В последующих публикациях Прайс отстаивает идею подсчёта издаваемых газет как способа оценки уровня научного знания. В статье, опубликованной в 1965 году, он писал: «Для самого учёного публикация представляет собой непостижимо мощный, вечный и открытый литературный архив, в котором он читает результаты своих исследований. Только в очень редких и особых случаях ученому приходится иметь дело лишь с собственно научной работой, в которой нет конечного продукта, имеющего литературную форму. К ним относятся скорее патологические случаи, подобные тому, что произошёл с Г. Кавендишем, занятым интенсивными научными исследованиями, но в подавляющей части не публиковавшим свои выводы и открытия. По этой причине они на столетие были потеряны, пока их не обнаружил Дж.

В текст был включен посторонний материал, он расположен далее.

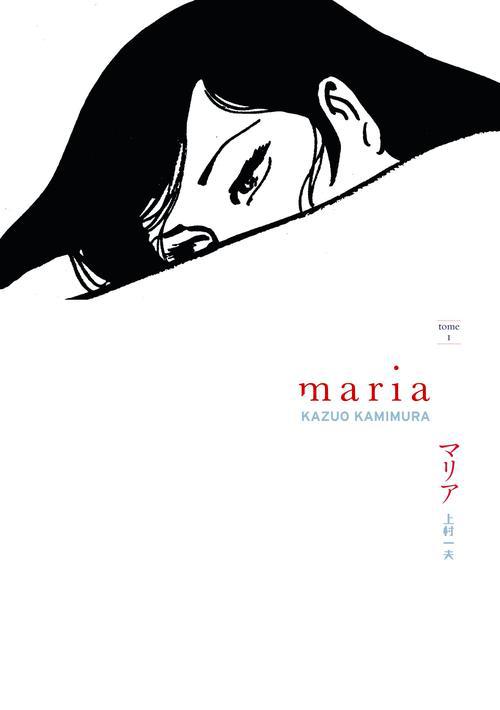 MARIA - TOME 1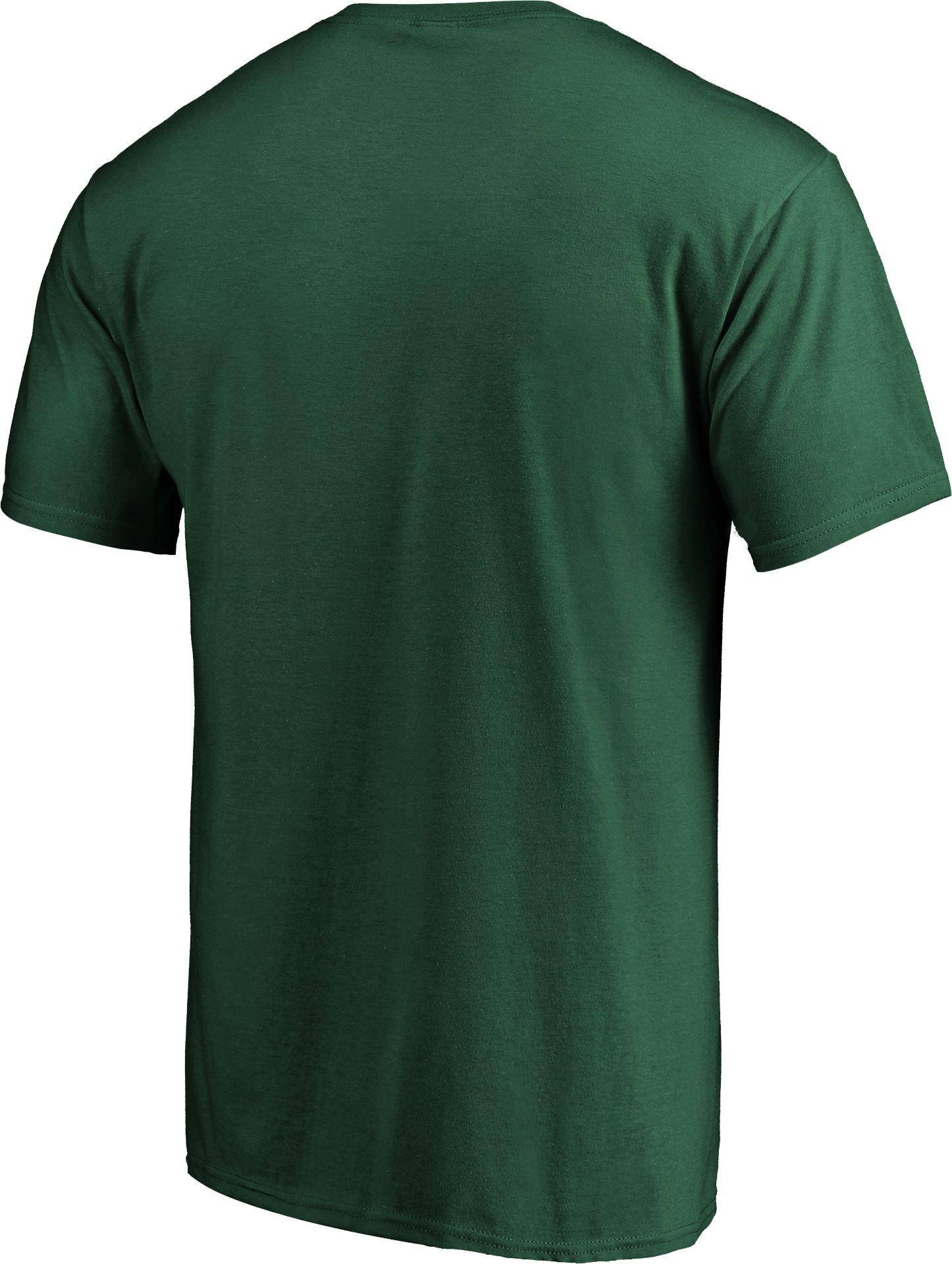 MLB Men's 2020 Division Champions Locker Room Athletics T-Shirt product image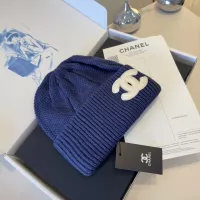 Cheap Chanel Caps #1378443 Replica Wholesale [$34.00 USD] [ITEM#1378443] on Replica Chanel Caps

Максвелл, всего через несколько лет после того, как эти ценные результаты были независимо получены другими. Являются ли вкладом в науку неопубликованные труды, подобные работам Г. Кавендиша, или те, что остаются неизвестными и не публикуются, потому что числятся государственными секретами? Я считаю, что в целом будет правильным сказать: нет, не являются. Наука, которая не имеет способов передачи своих результатов, - это не наука!

Таким образом, согласно нашему определению, наука - это то, что публикуется в научных журналах, газетах, докладах и книгах. Короче, это то, что воплощается в литературе. Достаточно удобным представляется то, что печатную продукцию намного легче определить, очертить её границы и дать её количественную характеристику, чем что-либо другое, с чем в данном случае приходится иметь дело. Ввиду того что научная литература имеет важнейшее функциональное значение для учёных, она в течение столетий является объектом систематизации с использованием индексов, классификаторов, реферативных журналов и систем поиска... Она подсчитывается, классифицируется и год за годом подбирается в продолжающиеся серии. Например, главный компонент исследовательской литературы может быть определён как публикации в научных сериях, включаемых во «Всемирный перечень научных периодических изданий» - инструмент для ссылок, хорошо знакомый работникам библиотек». 

Даниел Белл, Грядущее постиндустриальное общество. Опыт социального прогнозирования, М., «Academia», 1999 г., с. 239-241.